Our team's efforts have resulted in strong operating costs during the first six months of operating these assets, averaging $8.43 per barrel in the second quarter of 2025, a decrease of more than 11% compared to the first quarter of 2025 when operating costs were $9.52 per BOE. This results in annual operating cost savings of approximately $60 million as compared to our original target of $40 million. Our extended well lengths in the Duvernay, which are on average 20% longer than our 2024 well lengths, and optimized completion designs combined with strong execution continue to lower development costs. On a length-normalized basis, combined drilling and completion costs for 2025 are now targeting an improvement of approximately 16% or $2 million per well lower than compared to 2024 costs. That's a further improvement of $200,000 per well compared to the first quarter of 2025.
We remain on track to achieve 2025 budget production of approximately 60,000 barrels per day in the Duvernay, BOEs per day in the Duvernay. North American natural gas production for the second quarter averaged approximately 2.4 BCF per day, an increase of 14% over the second quarter of 2024. Operating costs on our North American natural gas averaged $1.07 per MCF, which is 10% lower compared to the second quarter of 2024, of $1.19 per MCF, primarily the result of higher production volumes. In our thermal in-situ operations, we achieved strong thermal production in the second quarter, averaging approximately 274,800 barrels per day. This is up 3% from the second quarter of 2024, resulting from our capital-efficient thermal pad development program. Second quarter thermal in-situ operating costs averaged $11.05 per barrel, which is comparable to the second quarter of 2024.
At Primrose, we target to drill a CSS pad in the third quarter of this year, with production targeted to come on in 2026. At Jackfish, during the month of July, we brought on production of recently drilled SAGD pad. At Kirby, we are targeting to bring the recently drilled five well pair SAGD pad on production in the fourth quarter of 2025. At Pike, we completed drilling two SAGD pads, which will be tied into the existing Jackfish facilities and targets to keep the Jackfish plants at full capacity. The first of these two pads is targeted to come on in production in the first quarter of 2026, and the second pad will be on production in the second quarter. At our commercial scale solvent SAGD pad in Kirby North, we began solvent injection in June of 2024.

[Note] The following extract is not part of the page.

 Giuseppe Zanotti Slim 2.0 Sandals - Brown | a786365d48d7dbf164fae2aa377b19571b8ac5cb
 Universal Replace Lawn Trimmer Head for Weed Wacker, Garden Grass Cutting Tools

In the second quarter of 2025, we executed workovers on two well pairs to enhance SORs. Solvent recovery and production trends will continue to be monitored over the coming months. In our oil sands mining and upgrading, during the second quarter of 2025, our world-class oil sands mining and upgrading production averaged approximately 463,800 barrels per day of SCO, an increase of 13% from the second quarter of 2024. The increase is a result of the reliability enhancement project, eliminating the need for a turnaround at Horizon in 2025, and the Scotford upgrader debottleneck, which were both completed in 2024, combined with the additional 20% working interest in AOSP acquired in December of 2024.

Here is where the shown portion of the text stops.